> _Your goal_:
For the data below, work out the number of lines containing the string "high" and answer with that number only.

> _Source information_:
=====

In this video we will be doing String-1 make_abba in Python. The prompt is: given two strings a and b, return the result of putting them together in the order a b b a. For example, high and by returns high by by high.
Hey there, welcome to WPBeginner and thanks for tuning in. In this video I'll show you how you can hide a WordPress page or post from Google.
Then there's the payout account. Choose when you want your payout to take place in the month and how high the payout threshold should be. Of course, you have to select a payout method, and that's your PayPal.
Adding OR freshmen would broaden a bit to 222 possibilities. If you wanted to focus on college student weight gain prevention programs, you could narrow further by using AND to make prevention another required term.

=====

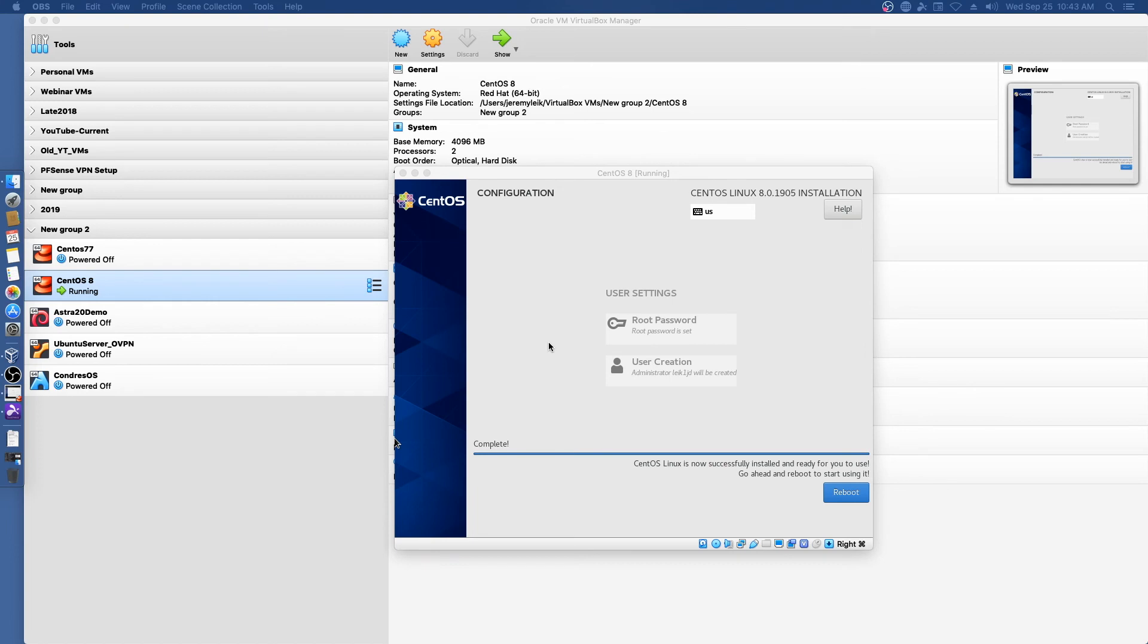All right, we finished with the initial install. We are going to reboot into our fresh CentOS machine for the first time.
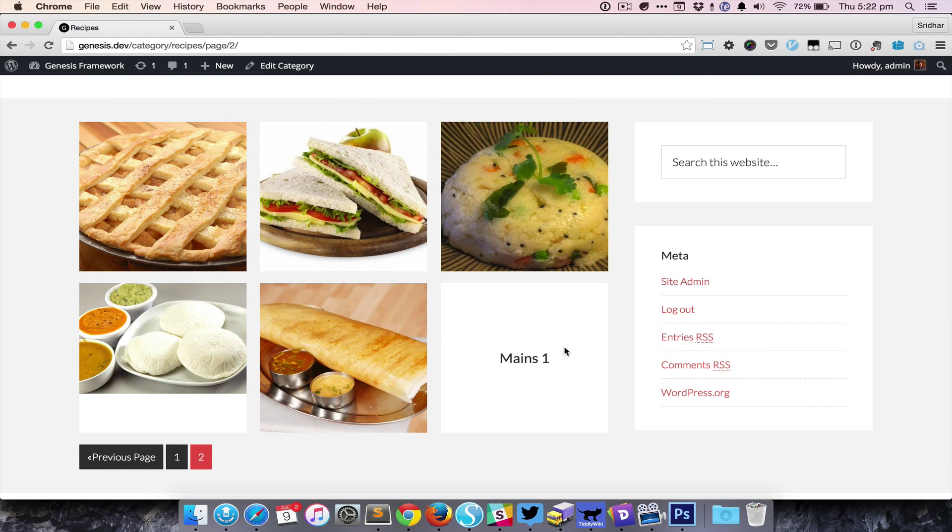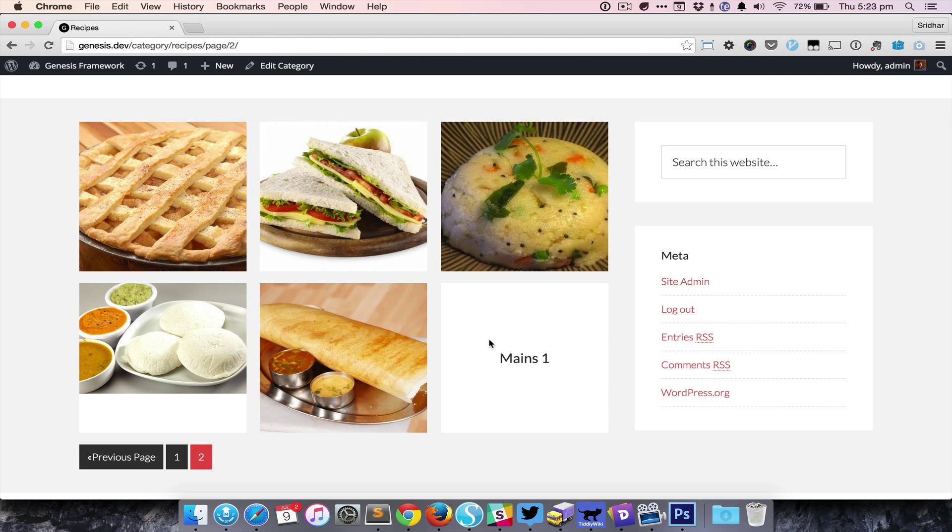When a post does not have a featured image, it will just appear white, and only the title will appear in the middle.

=====

> _Response area_:
2